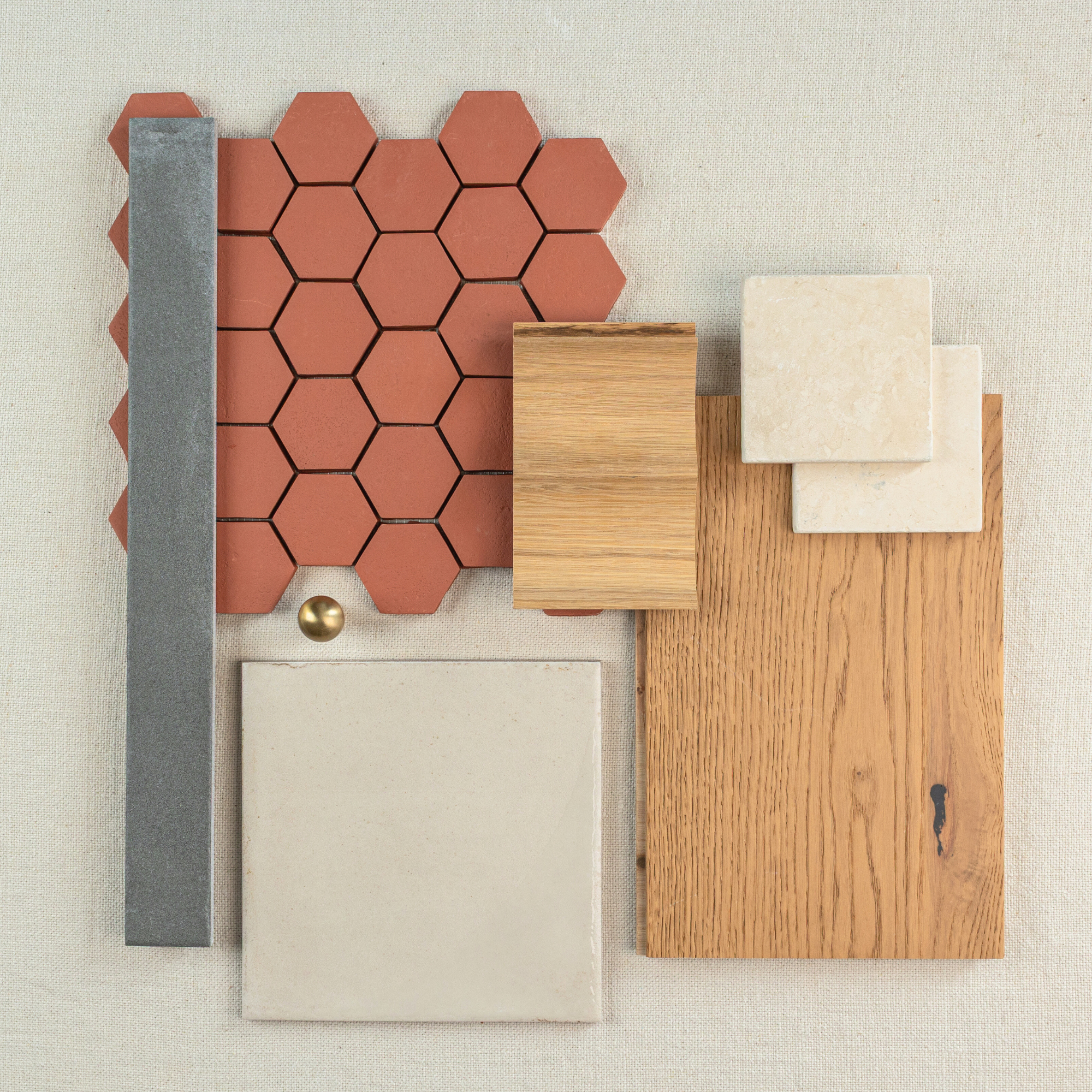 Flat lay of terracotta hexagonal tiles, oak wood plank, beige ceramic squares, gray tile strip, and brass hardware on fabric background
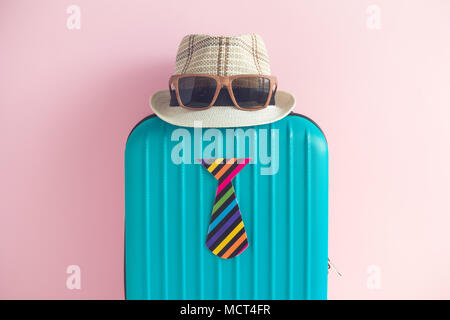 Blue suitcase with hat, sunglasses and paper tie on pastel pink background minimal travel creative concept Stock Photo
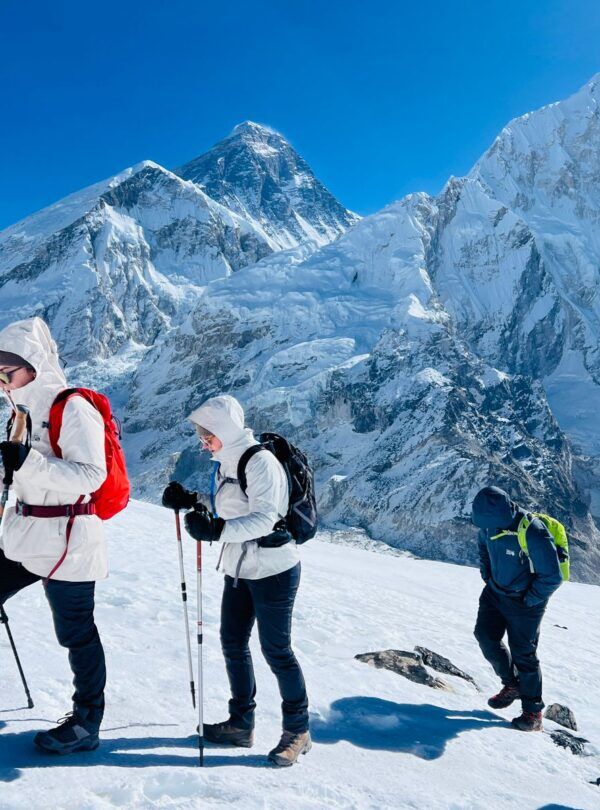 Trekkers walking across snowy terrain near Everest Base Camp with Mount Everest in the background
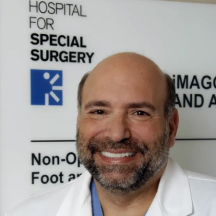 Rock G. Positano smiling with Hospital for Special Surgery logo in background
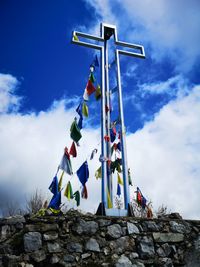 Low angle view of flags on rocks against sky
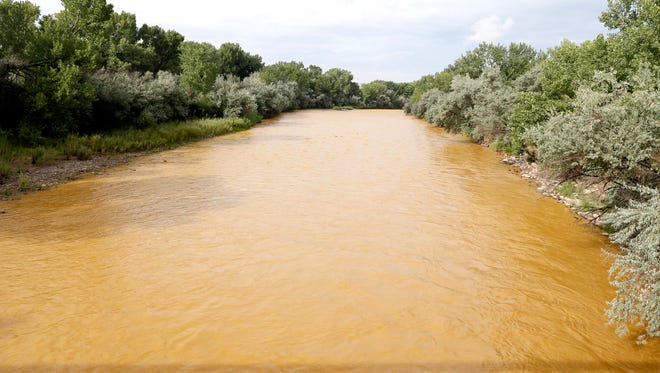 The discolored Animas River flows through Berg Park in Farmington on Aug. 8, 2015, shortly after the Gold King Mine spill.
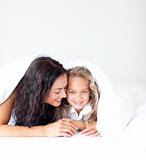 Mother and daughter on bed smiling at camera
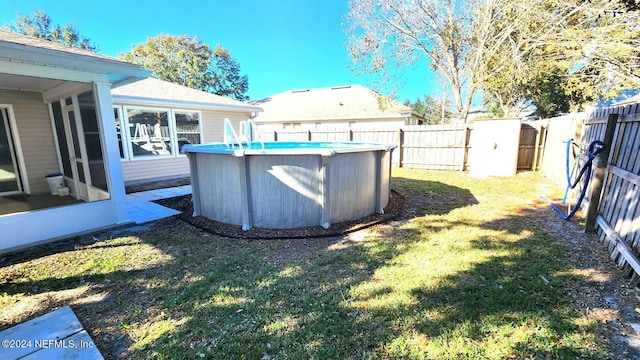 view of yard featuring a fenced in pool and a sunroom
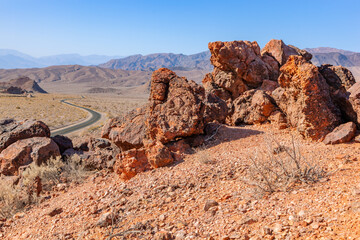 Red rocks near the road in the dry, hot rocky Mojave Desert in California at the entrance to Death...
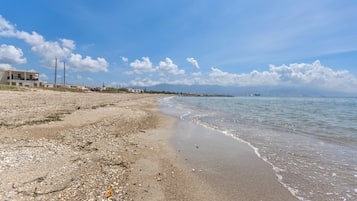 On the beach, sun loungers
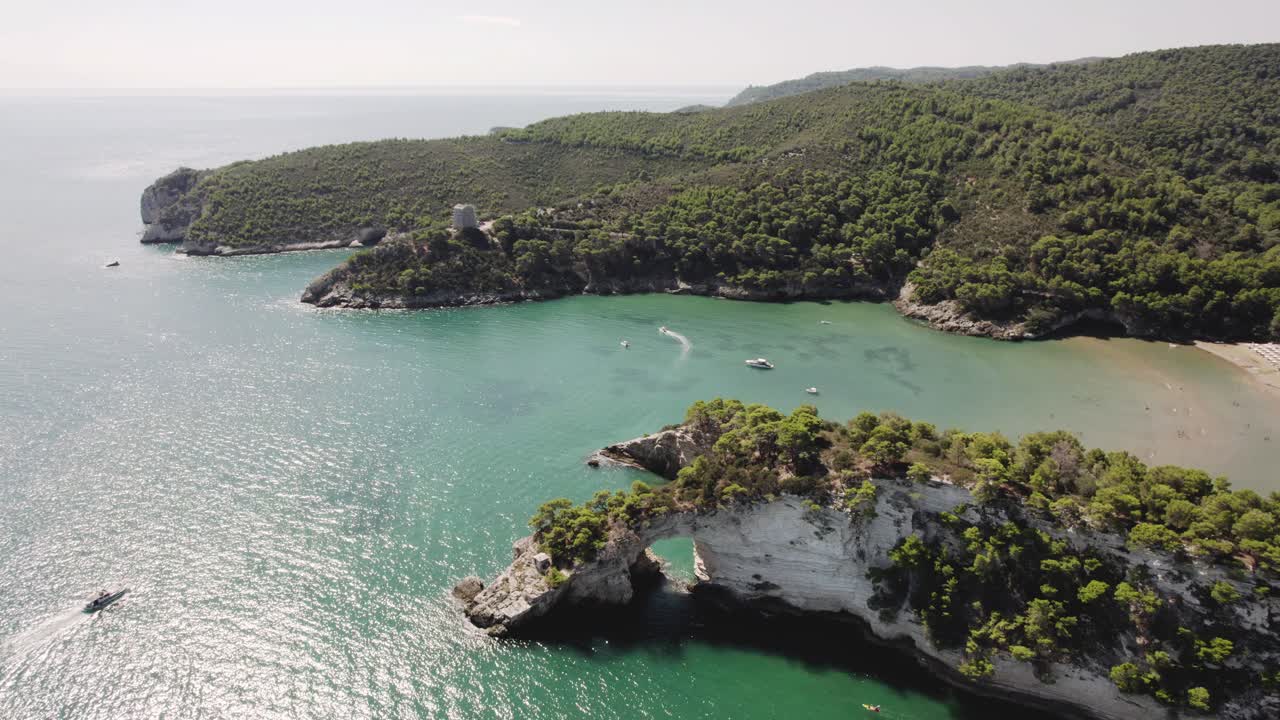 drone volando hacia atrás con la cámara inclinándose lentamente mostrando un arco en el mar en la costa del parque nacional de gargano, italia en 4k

> _TASK TO CARRY OUT_
Produce an exact reproduction of the listing above, limited to the lines starting at the line with "The discolored Animas" and ending at the line with "On the beach, sun loungers", both kept, with every picture left out.

> _ANSWER TO THIS PROBLEM_
 The discolored Animas River flows through Berg Park in Farmington on Aug. 8, 2015, shortly after the Gold King Mine spill.
 Mother and daughter on bed smiling at camera
 view of yard featuring a fenced in pool and a sunroom
 Red rocks near the road in the dry, hot rocky Mojave Desert in California at the entrance to Death...
 On the beach, sun loungers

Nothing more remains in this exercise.